The group of young men at Southwest Prep know the program called Man of the House is a chance for them to get on the right track.

Southwest Prep is an alternative school where students are sent after problems at other schools.

Nichelson brought the program there at the request of District Attorney Amy Weirich and Sheriff Bill Oldham.

"The law enforcement community wants these children to have another opportunity. The teachers here at Southwest Prep and Shelby County Schools want it to happen," said Nichelson.

Calvin Abram, Junior is an aspiring fashion designer and said being mentored by professional men is helping him see the mistakes he made in the past, "They're making me better, changing me from where i come from to think another way."
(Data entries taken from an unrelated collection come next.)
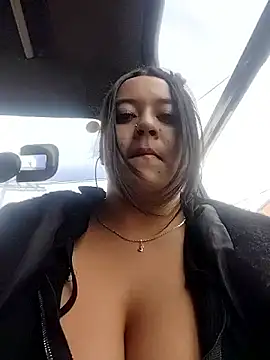 Cristal  04 online show from 12.18.25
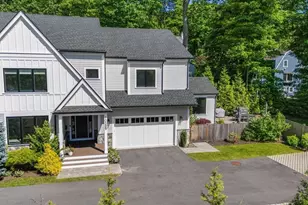 1058 Beacon St, Newton, MA 02459 - Photo 37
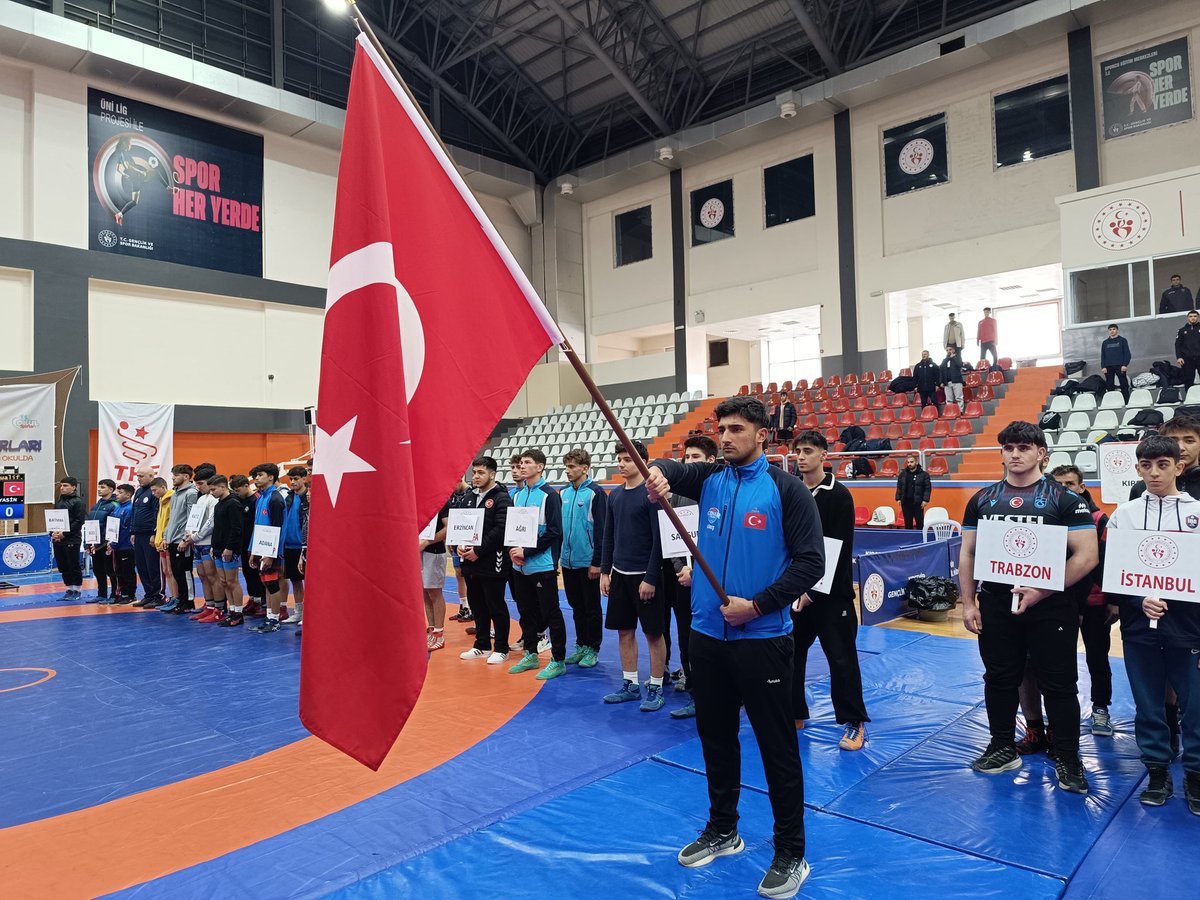 GSB_Kirsehir's tweet photo. 📍 İlimiz ev sahipliğinde düzenlenen @gsbokulsporlari Serbest ve Grekoromen Stil Güreş müsabakaları İl Müdürümüz Kubilay KALAYCIOĞLU katılımıyla açılış seromonisinin ardından başladı.

Tüm sporcularımıza başarılar dileriz.

@gencliksporbak @oa_bak https://t.co/7kww8uktMD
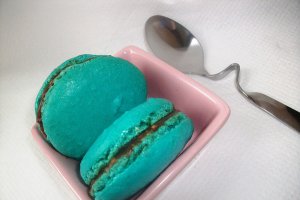 Macarons cu Nutella si gem de cirese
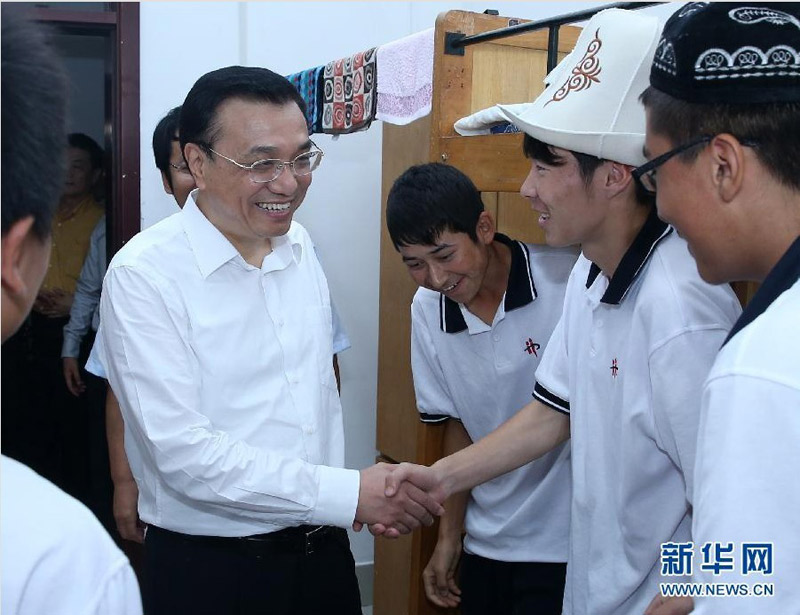 9月9日，在第29個(gè)教師節(jié)來(lái)臨之際，中共中央政治局常委、國(guó)務(wù)院總理李克強(qiáng)在大連考察並看望師生，與基層教師座談。這是李克強(qiáng)在大連二十高中學(xué)生宿舍與少數(shù)民族學(xué)生交流。 新華社記者 龐興雷 攝
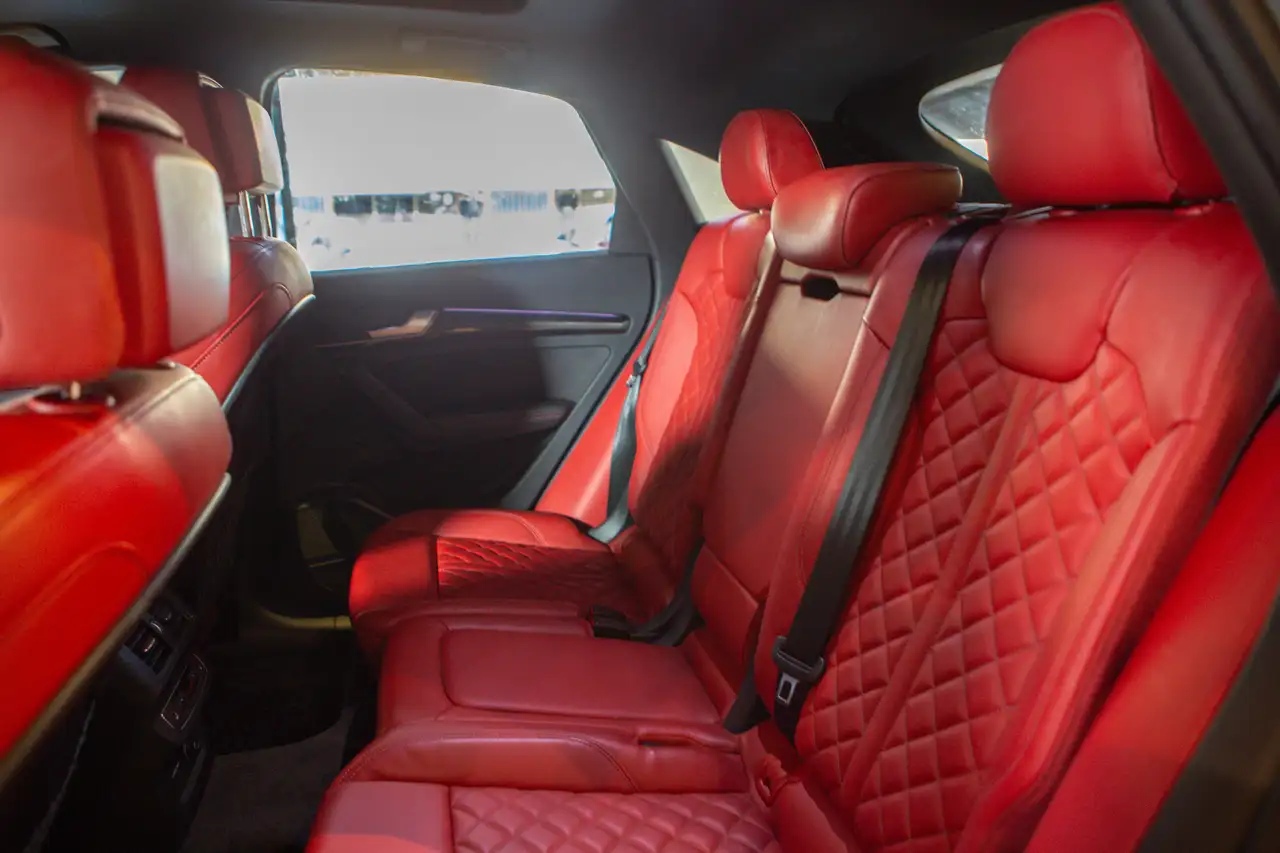 Audi SQ5 снимка Audi SQ5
Pastor Donald Brown runs a non-profit and Randall Carter own an IT company.

At 29 years old, Pastor Brown said he relates to the teens. He tells them about his past mistakes to keep them from making the same ones, "We give them hope that it's not the end. Just because you live in a household where there are some struggles or you may have a hard life that you feel hard."

A major piece of Nichelson's program focuses on civil rights history.

Students are watching Eyes on the Prize and studying African-American history.

"If a group of young men are going to come together, it needs to be around knowledge, information, skill, respect for teachers and others. That's what we're doing at Southwest Prep."

Nichelson and his mentors say it's their job to make sure the teens develop into men, instead of statistics.